Captioned web images
——————

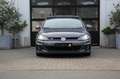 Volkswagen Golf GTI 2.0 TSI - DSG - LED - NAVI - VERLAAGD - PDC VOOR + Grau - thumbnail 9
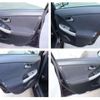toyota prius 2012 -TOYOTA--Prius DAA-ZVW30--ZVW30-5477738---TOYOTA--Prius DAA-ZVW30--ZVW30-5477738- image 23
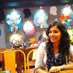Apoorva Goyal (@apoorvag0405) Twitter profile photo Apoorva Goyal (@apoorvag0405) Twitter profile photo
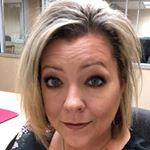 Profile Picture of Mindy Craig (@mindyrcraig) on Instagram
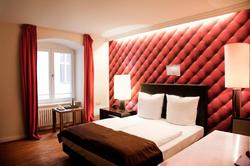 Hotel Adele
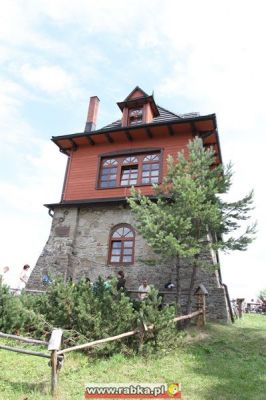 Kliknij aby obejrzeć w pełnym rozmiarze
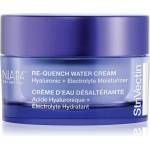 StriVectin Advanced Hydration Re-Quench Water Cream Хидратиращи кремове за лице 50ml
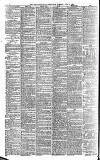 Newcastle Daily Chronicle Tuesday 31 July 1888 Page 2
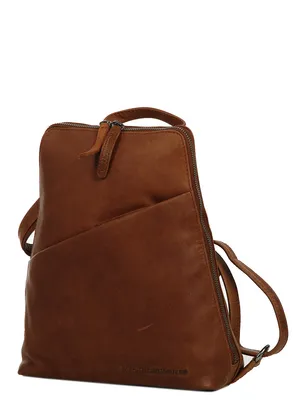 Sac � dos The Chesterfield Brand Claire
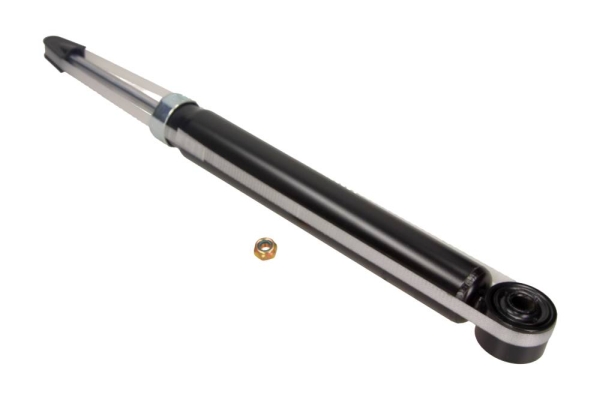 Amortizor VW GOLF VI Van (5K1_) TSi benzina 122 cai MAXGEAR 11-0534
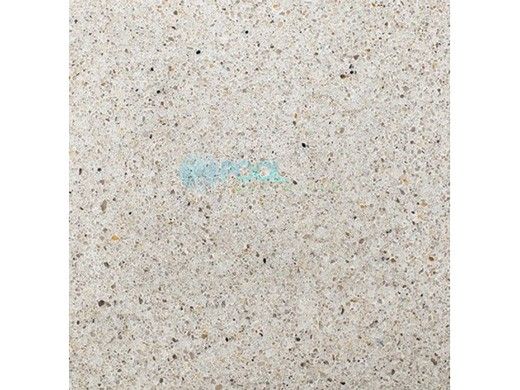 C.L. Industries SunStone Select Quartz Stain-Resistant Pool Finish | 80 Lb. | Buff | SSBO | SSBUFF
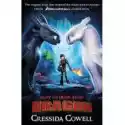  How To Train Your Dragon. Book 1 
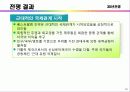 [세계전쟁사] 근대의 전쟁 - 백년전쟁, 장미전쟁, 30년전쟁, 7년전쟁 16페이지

——————

ABOUT THIS TASK: The final stretch of the data, from the line with "Profile Picture of" through its last line, is to be retyped exactly; pictures are not part of the copy.

EXERCISE ANSWER:
 Profile Picture of Mindy Craig (@mindyrcraig) on Instagram
 Hotel Adele
 Kliknij aby obejrzeć w pełnym rozmiarze
 StriVectin Advanced Hydration Re-Quench Water Cream Хидратиращи кремове за лице 50ml
 Newcastle Daily Chronicle Tuesday 31 July 1888 Page 2
 Sac � dos The Chesterfield Brand Claire
 Amortizor VW GOLF VI Van (5K1_) TSi benzina 122 cai MAXGEAR 11-0534
 C.L. Industries SunStone Select Quartz Stain-Resistant Pool Finish | 80 Lb. | Buff | SSBO | SSBUFF
  How To Train Your Dragon. Book 1 
 [세계전쟁사] 근대의 전쟁 - 백년전쟁, 장미전쟁, 30년전쟁, 7년전쟁 16페이지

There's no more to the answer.